What the task asks
Beginning with the line that holds "Toyota RAV4 2.0" and finishing with the line that holds "show from 04.18.26", repeat the listing exactly, leaving every picture out.
*** Records to use ***
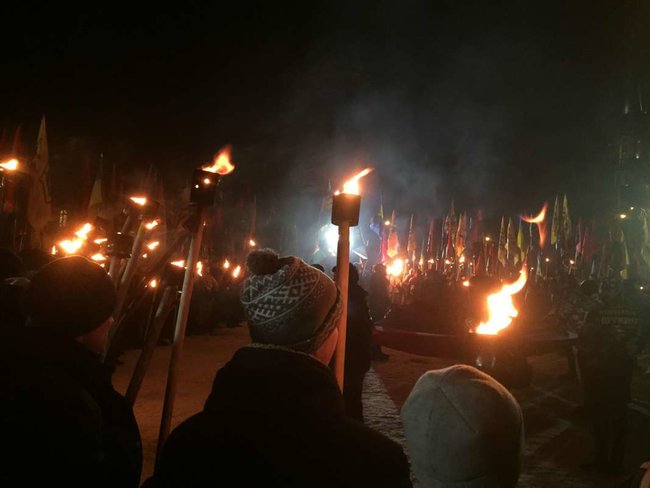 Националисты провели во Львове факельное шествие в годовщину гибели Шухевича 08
*** End of Records to use ***
*** Records to use ***
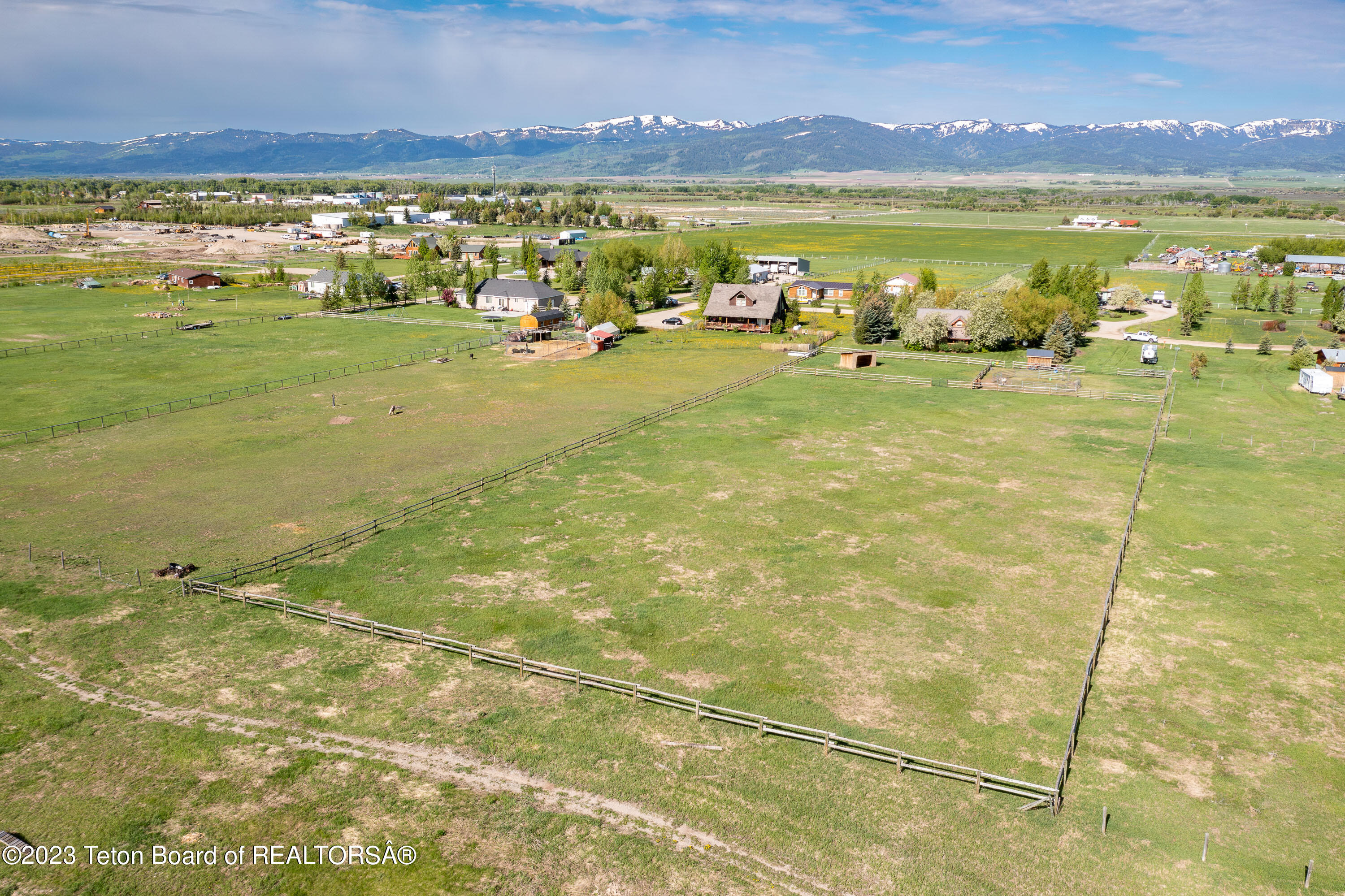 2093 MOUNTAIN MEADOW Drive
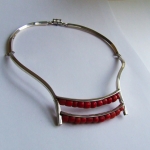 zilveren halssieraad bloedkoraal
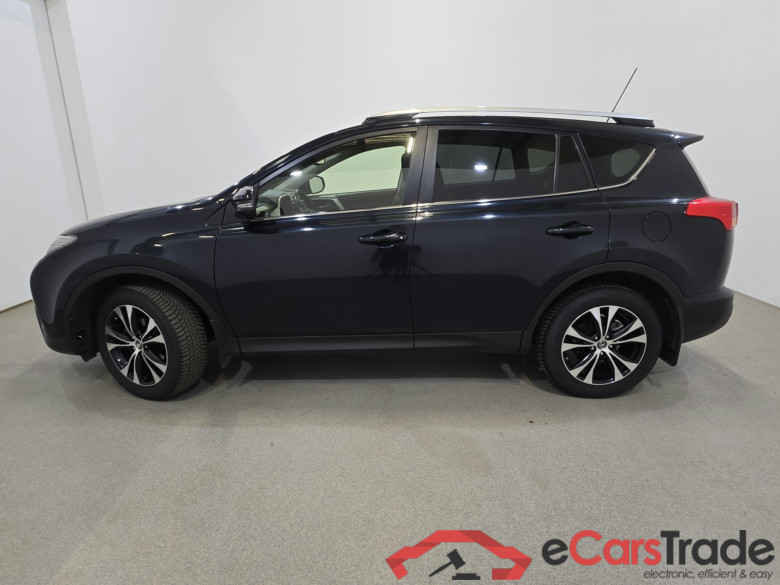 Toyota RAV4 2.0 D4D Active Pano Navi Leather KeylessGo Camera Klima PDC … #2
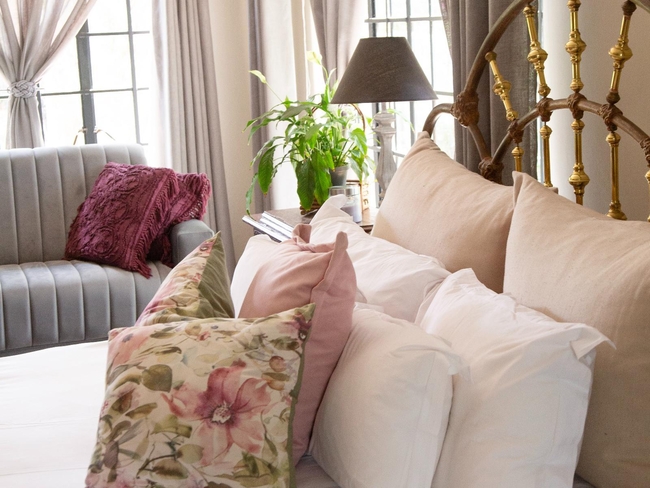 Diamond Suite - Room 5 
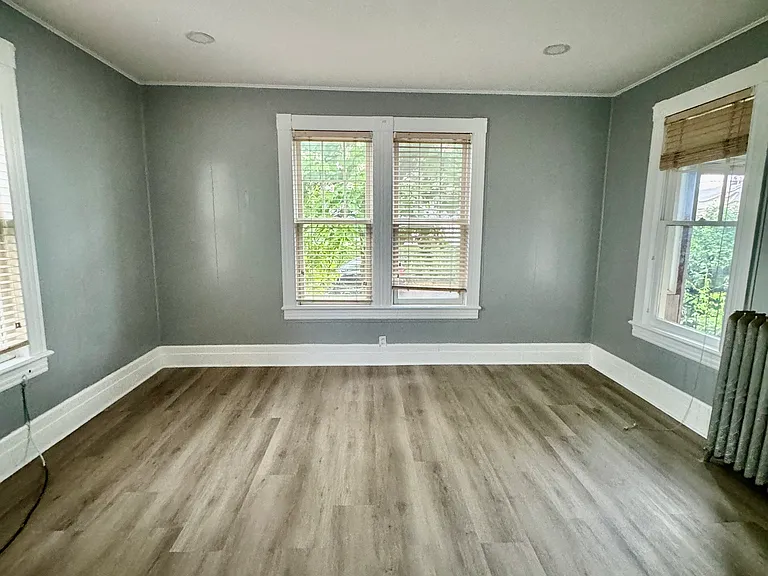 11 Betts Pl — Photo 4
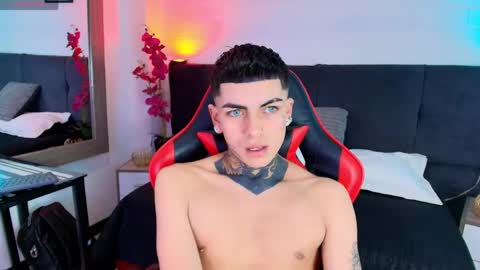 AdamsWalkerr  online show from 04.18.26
*** End of Records to use ***
Exercise answer
 Toyota RAV4 2.0 D4D Active Pano Navi Leather KeylessGo Camera Klima PDC … #2
 Diamond Suite - Room 5 
 11 Betts Pl — Photo 4
 AdamsWalkerr  online show from 04.18.26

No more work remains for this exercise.